中央研究院利用計算機處理古籍已有十二年，其中以全文資料庫的發展最受矚目，目前上線的全文資料庫文總字數已超過一億一仟萬字，其所用的技術則全由院內同仁自行開發。參與製作資料庫的共有五所：史語所、臺史所、資訊所、近史所、文哲所，以及本院計算中心，總統府國史館亦積極參與清史資料庫之開發。1995年開始，有些大學與本院發展合作關係共享古籍資料，包括國內的中山﹑中正﹑師大各大學，國外的倫敦大學、史丹佛大學、密西根大學、香港中文大學等。本文首先介紹各全文資料庫的發展現況，其次介紹自行開發的相關技術，包括：全文資料庫的結構、文章的標誌系統、資料登錄之管理、缺字造字之管理以及目前各單位相關的研究發展計劃等。

Abstract

A survey of full-text data bases and related text processing techniques for Chinese ancient document in the past 12 years in Academia Sinica is presented in this paper.
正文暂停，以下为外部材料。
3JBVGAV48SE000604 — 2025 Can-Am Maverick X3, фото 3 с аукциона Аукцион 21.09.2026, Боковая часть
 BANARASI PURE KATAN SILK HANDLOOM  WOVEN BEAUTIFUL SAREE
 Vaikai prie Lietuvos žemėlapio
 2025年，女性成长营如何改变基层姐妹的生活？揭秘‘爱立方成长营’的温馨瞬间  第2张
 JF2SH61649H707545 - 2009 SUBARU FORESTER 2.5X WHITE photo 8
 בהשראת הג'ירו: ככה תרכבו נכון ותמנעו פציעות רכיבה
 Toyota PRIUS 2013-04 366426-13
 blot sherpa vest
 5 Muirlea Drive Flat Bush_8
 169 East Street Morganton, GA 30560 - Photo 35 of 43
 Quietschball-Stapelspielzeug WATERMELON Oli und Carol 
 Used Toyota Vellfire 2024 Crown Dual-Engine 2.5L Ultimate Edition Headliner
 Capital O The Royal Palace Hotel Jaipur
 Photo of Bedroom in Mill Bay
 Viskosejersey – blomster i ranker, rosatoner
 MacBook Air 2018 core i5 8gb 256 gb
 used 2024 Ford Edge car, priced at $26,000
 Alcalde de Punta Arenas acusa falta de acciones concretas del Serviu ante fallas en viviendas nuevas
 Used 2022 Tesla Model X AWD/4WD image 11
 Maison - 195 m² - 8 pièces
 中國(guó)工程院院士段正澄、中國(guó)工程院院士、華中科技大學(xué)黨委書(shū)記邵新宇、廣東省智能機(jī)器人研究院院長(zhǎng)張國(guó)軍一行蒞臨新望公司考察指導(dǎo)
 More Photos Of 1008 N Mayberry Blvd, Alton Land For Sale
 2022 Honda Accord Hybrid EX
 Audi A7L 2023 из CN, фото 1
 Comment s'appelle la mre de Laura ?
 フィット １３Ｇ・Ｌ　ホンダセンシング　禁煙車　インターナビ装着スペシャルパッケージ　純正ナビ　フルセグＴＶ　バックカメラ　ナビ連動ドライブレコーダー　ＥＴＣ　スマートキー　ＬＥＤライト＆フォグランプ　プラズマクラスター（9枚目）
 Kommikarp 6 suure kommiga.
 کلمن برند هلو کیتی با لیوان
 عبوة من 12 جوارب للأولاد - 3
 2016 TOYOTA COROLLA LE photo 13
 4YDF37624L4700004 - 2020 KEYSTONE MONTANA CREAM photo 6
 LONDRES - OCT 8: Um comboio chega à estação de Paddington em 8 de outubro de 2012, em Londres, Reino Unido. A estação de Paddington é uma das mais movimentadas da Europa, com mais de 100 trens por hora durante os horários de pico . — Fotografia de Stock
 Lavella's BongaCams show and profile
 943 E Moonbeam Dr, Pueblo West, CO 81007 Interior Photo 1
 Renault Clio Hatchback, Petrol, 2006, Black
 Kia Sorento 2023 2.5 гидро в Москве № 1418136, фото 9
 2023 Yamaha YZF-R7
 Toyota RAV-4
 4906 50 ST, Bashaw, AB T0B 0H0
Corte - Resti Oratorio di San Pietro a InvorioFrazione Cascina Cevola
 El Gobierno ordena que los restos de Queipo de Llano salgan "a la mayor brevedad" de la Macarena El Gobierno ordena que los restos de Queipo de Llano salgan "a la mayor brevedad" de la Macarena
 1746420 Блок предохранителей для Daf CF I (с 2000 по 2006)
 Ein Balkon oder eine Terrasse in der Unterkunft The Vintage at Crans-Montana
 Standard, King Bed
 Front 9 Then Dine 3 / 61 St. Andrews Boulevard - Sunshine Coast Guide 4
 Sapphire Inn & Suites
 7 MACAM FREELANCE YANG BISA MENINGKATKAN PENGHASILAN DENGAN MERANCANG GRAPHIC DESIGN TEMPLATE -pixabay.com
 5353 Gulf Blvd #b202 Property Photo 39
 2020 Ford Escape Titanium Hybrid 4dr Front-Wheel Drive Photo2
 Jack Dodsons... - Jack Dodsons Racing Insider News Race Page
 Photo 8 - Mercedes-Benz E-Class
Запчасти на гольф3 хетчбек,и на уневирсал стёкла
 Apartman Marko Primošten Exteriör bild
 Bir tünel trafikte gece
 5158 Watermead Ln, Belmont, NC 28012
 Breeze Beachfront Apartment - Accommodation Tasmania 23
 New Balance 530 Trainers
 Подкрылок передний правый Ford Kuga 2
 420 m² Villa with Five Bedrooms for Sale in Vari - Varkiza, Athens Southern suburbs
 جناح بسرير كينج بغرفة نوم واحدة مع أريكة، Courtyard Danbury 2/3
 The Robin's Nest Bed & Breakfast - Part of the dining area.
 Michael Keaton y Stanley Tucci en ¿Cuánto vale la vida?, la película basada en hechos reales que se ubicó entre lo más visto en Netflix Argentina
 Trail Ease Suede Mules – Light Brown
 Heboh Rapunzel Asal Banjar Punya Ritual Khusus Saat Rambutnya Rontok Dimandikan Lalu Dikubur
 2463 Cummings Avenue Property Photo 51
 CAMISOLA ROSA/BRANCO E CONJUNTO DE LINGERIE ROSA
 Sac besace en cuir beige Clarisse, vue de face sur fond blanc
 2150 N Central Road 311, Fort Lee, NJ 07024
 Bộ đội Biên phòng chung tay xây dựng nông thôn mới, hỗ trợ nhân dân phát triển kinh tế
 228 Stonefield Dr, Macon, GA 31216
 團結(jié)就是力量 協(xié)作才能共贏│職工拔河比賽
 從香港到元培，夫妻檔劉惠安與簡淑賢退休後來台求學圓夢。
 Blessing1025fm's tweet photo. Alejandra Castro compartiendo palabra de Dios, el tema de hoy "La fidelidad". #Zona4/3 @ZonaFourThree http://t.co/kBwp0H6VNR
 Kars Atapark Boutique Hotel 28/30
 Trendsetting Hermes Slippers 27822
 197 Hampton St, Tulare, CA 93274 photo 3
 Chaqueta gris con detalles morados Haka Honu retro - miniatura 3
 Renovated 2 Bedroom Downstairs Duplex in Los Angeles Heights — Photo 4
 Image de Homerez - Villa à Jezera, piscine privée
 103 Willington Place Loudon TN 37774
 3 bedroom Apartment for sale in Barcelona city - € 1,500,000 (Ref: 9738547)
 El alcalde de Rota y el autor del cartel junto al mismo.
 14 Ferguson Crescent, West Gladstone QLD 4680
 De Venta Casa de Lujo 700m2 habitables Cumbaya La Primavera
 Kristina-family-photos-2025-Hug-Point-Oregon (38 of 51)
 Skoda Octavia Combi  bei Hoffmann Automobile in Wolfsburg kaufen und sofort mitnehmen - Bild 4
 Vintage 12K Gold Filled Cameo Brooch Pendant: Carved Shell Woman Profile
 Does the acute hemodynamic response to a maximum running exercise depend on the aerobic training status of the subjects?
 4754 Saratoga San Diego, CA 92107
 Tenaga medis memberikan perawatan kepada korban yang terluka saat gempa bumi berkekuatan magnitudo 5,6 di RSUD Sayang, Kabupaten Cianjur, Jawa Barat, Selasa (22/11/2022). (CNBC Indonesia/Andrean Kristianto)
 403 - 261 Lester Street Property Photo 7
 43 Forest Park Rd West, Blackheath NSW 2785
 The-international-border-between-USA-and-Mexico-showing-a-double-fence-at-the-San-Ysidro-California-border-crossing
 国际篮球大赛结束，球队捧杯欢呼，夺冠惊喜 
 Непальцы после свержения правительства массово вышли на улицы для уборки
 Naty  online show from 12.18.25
Five Institutes, (namely the Institute of History and phonology, the Institute of Taiwan History, the Institute of Literature and Philosophy, the Institute of Information Science and the Institute of Modern History ) and the Computing Center of Academia Sinica actively participated in this long range project since 1984. Beside, the Archival Library of National History also participated in developing the database of Ching Dynasty. Since 1995, some co-laboration projects with other Universities, such as London University in England, Stanford University, Michigan University in USA, Chinese University in Hong Kong and Chung-Cheng University, Chung-San University and National Taiwan Normal University in Taiwan have been launched to produce more digital texts. Now, the total character count of on-line full-text data bases are over 115 millions, and the data bases of more then 80 million characters are coming. In this report, we also survey some important techniques developed, including the structure of full-text database, the ways of handling missing characters, the management of data entry jobs, the development of markup system, etc. Besides, the status of some on going related research projects are summarized in this paper as a future perspective of the development of digital Chinese ancient documents.